Do you remember when you were in high school and spring came and the flowers bloomed with an impossible flamboyance and you sat in the back of the library, your body as sensitive and symbolic as the palm of a hand, and, when you were supposed to be drafting an essay for Expository Writing due in thirty minutes, you were instead reading these words--
I first met Dean not long after my wife and I had split up--
and when you got to these words--
I think of Dean Moriarty, I even think of Old Dean Moriarty, the father we never found, I think of Dean Moriarty--
you went right back to those first words again and went all the way through, and then later, you were reading those same words, all of them, and they meant nothing, as though they were instructions for a gadget you'd never owned?
The copy of On the Road I read four times my junior year of high school was singularly anodyne: pink, white, and cerulean-striped, like a faded French flag (and with the same ideals, no less). But it had a laminated cover and prairie-sized margins; it was a book for reading. The copy I got later, after I had already out-grown the book, was the Penguin Beat Classics version (introduction by Ann Charters) with Kerouac and Neal Cassady grinning and boyish and a little in love on the cover. Although I hated the paper and the font and the margins, I knew the cover was just right; this love is why boys read On the Road.
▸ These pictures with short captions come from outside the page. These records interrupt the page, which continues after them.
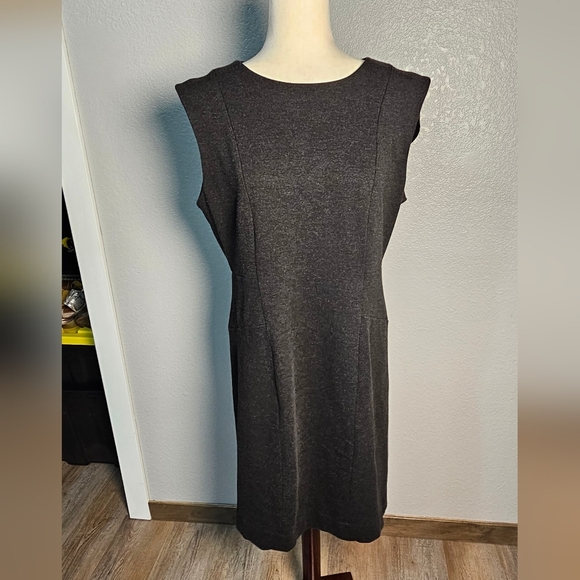 M.M. Lafleur Charcoal Gray Sleeveless Dress Nylon Viscose Elastane SZ 14 - Picture 5 of 9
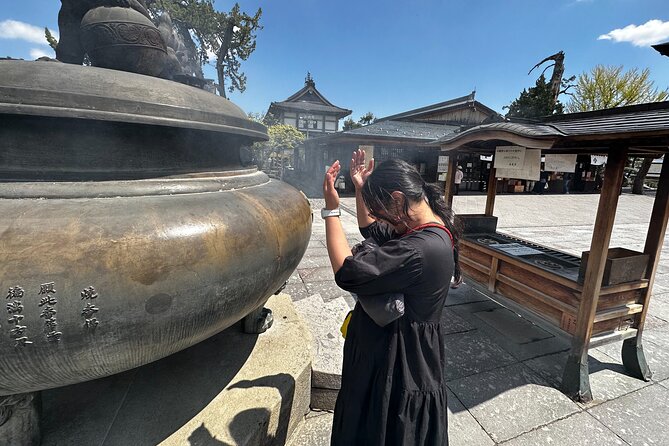 Food & Cultural Walking Tour around Zenkoji temple in Nagano - Sake, nibbles, and Nagano miso soup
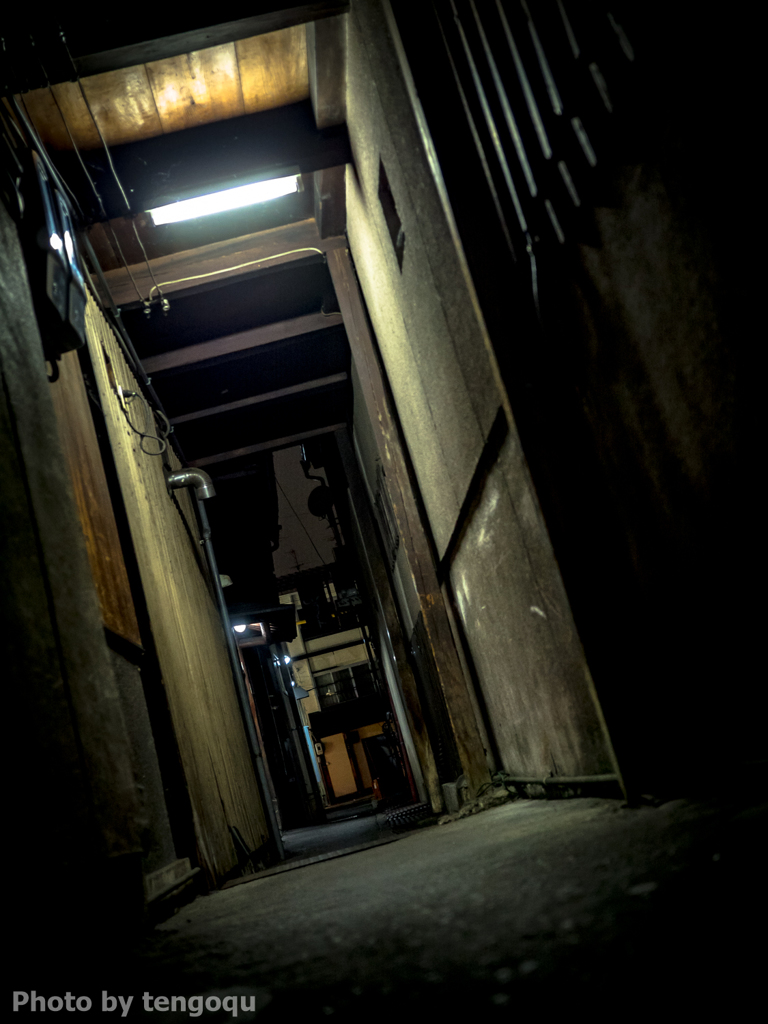 路地先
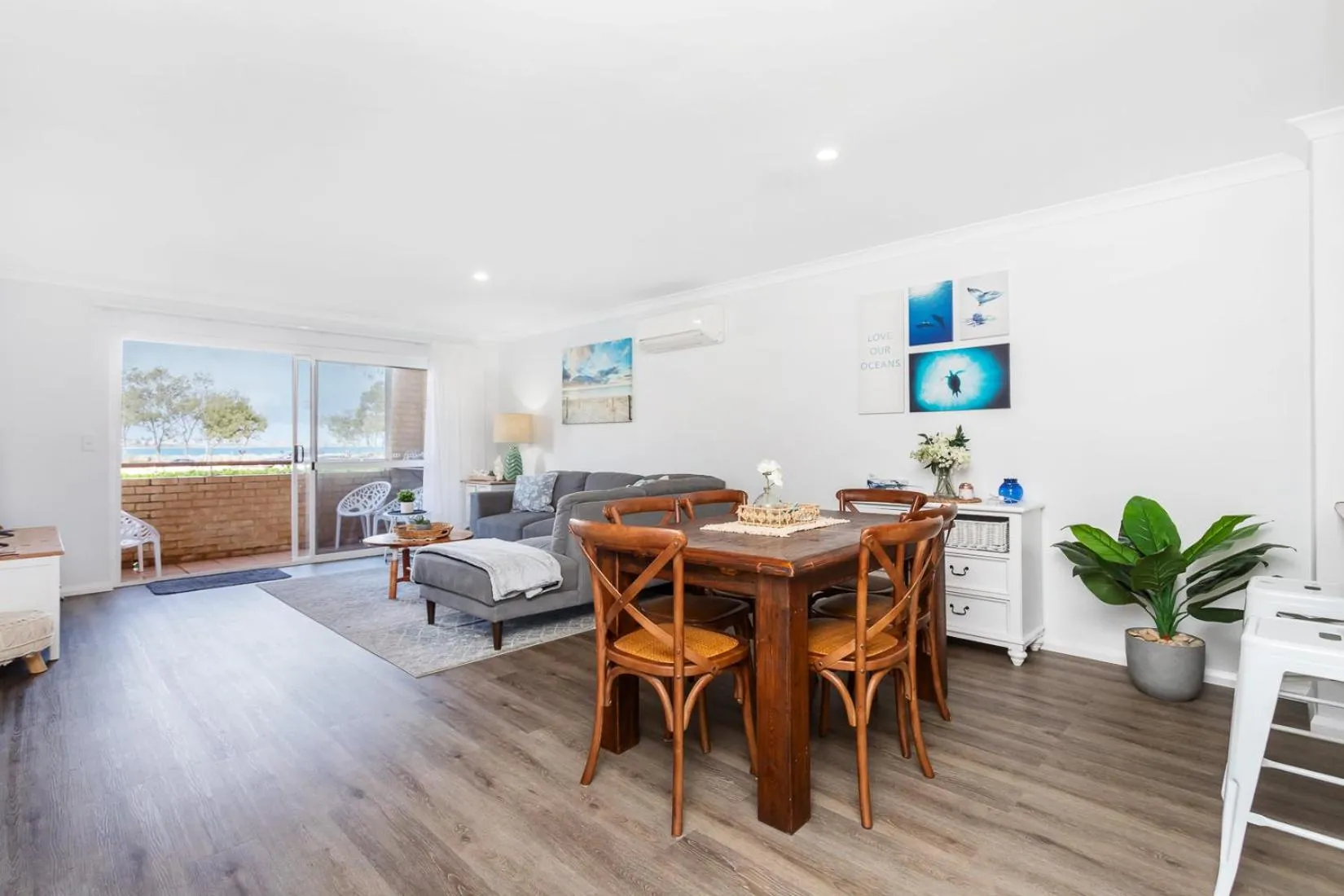 Dining area in Nautica Residences Hillarys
The copy I have now is borrowed. It's a small Signet paperback, a "back-pocket" book. The title is hand-written, the dangerous teaser--The riotous odyssey of two American drop-outs, by the drop-out who started it all...--sloppily scrawled beneath. CraZy! The illustration is childishly flat and reductive. A heterosexual couple kneels barefoot on the hood of a flat-tired convertible, a jug of wine perilously close to the edge of the car. The lovers' faces are lost in her hair, their pelvises flush against each other. Strangely, or conveniently, the girl's long hair is the same yellow as the rest of the book's cover; but so are her (and his) feet, his arms, and the part of his neck we can see around her grip. If we imagine them making out, then the whole thing can only be considered kitsch; but it we think of them desperately, greedily, holding onto each other--not kissing but praying; each is the other's saint--the picture makes a little more sense.
I still can't do more than skim it; there's a lot of boring stuff in On the Road that my adolescent porousness didn't strain out. But it's been fun skimming, nevertheless.
Anyway, it's spring: time to head out somewhere. I don't know if it's true that the ice cream gets creamier and the pie slices get bigger as you head west on 70. When I did it all I discovered is that the nights do get lonelier and the dawns do come slower. In the spirit of adventure--the real young man's fancy, before even love--I'll be revisiting my favorite travel books this month.